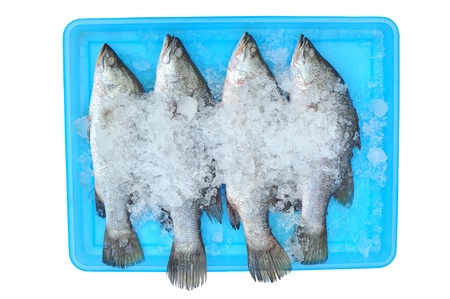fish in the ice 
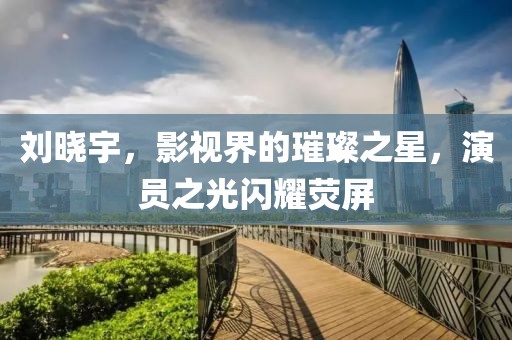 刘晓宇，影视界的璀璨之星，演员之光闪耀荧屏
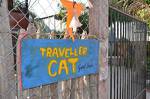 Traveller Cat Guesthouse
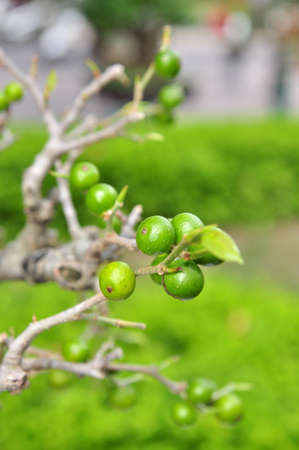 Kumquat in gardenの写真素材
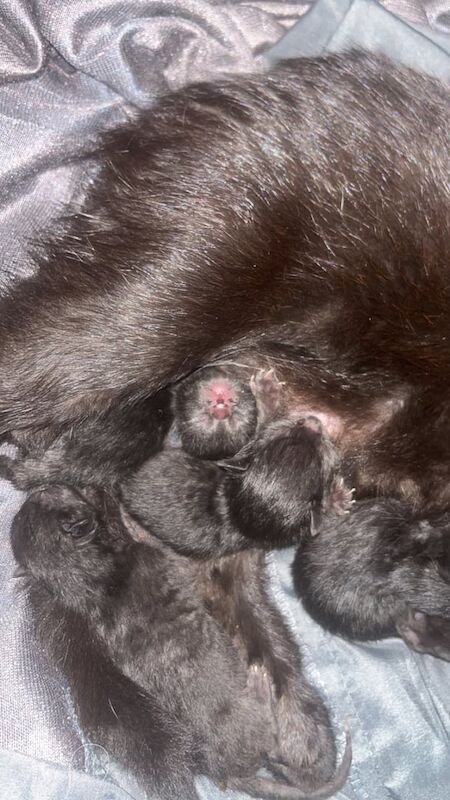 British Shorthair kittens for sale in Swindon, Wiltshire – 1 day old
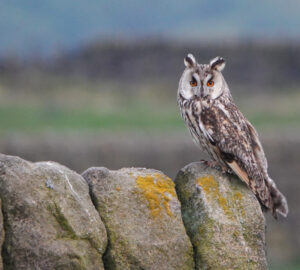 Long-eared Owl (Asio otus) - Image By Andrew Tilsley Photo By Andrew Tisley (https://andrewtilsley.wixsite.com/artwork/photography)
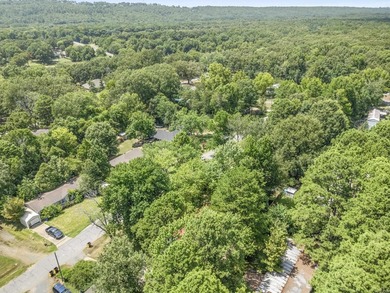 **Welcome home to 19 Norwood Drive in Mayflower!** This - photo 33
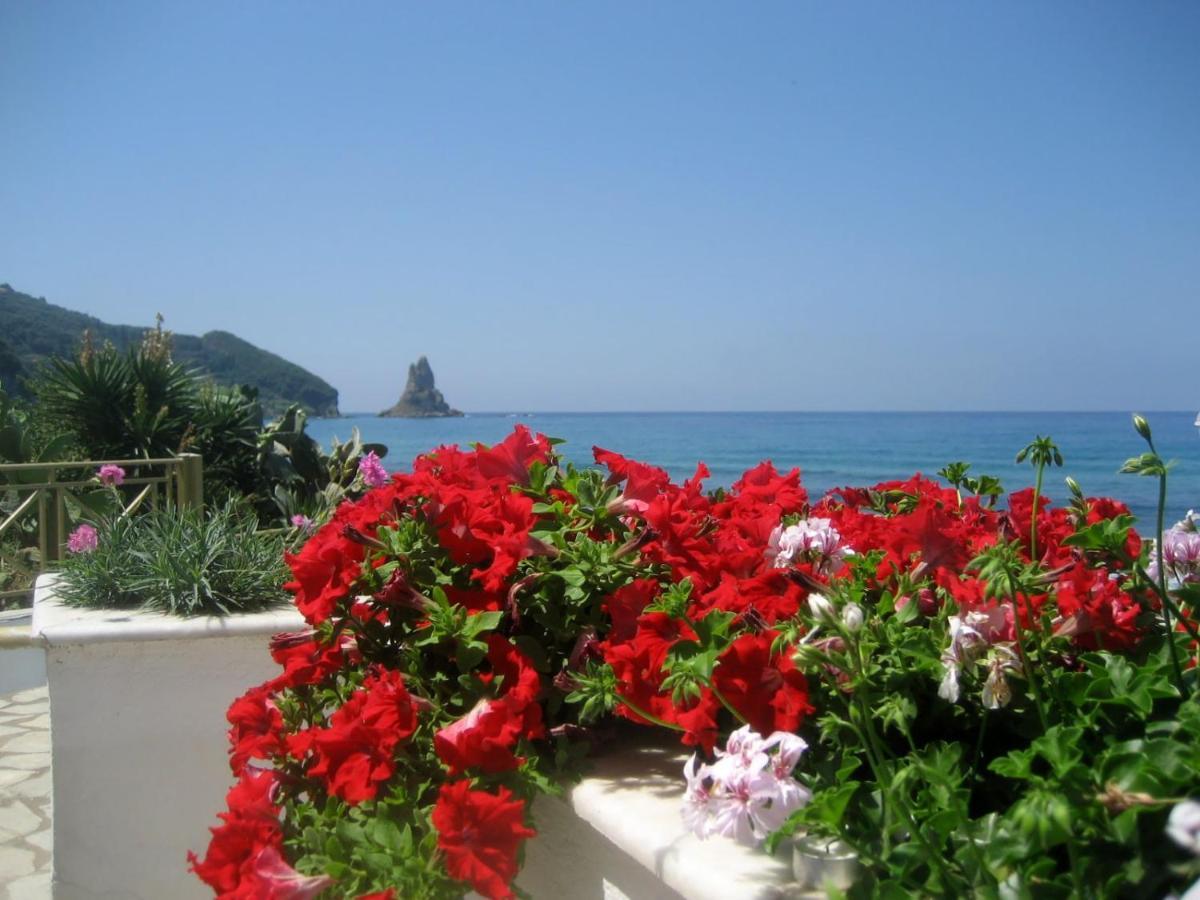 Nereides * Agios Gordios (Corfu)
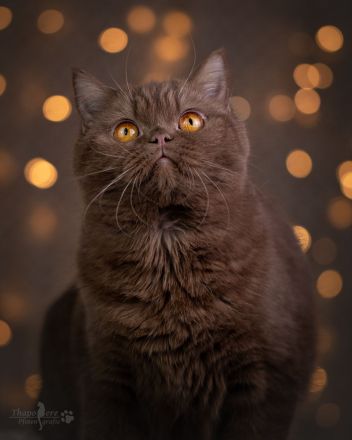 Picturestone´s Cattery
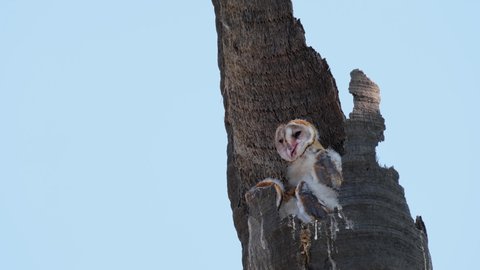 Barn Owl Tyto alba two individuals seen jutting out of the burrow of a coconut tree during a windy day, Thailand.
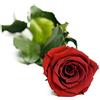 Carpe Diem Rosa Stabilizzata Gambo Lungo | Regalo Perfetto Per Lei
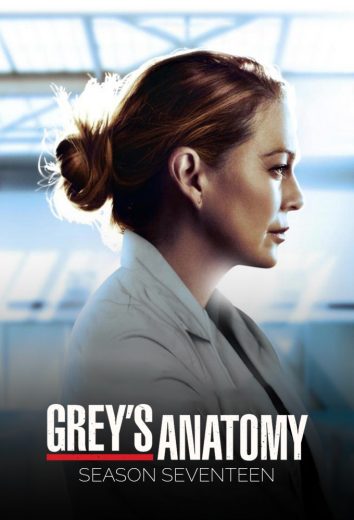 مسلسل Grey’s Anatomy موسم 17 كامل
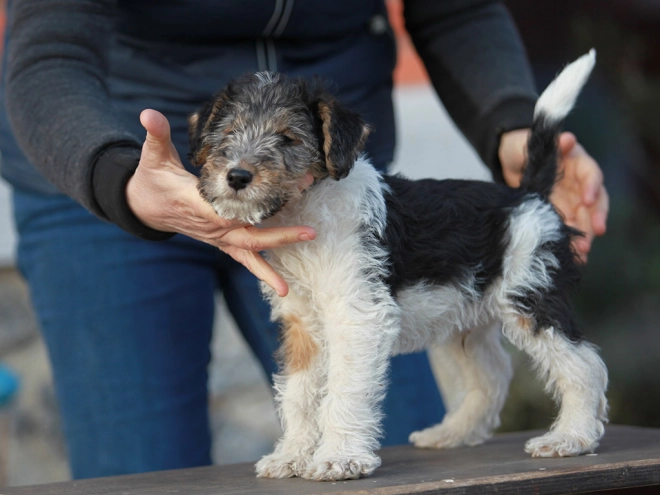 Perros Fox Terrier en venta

▶ PROBLEM
Set down all of the entries exactly as they appear, but keep the images out.

▶ RESULT BELOW
fish in the ice 
 刘晓宇，影视界的璀璨之星，演员之光闪耀荧屏
 Traveller Cat Guesthouse
 Kumquat in gardenの写真素材
 British Shorthair kittens for sale in Swindon, Wiltshire – 1 day old
 Long-eared Owl (Asio otus) - Image By Andrew Tilsley Photo By Andrew Tisley (https://andrewtilsley.wixsite.com/artwork/photography)
 **Welcome home to 19 Norwood Drive in Mayflower!** This - photo 33
 Nereides * Agios Gordios (Corfu)
 Picturestone´s Cattery
 Barn Owl Tyto alba two individuals seen jutting out of the burrow of a coconut tree during a windy day, Thailand.
 Carpe Diem Rosa Stabilizzata Gambo Lungo | Regalo Perfetto Per Lei
 مسلسل Grey’s Anatomy موسم 17 كامل
 Perros Fox Terrier en venta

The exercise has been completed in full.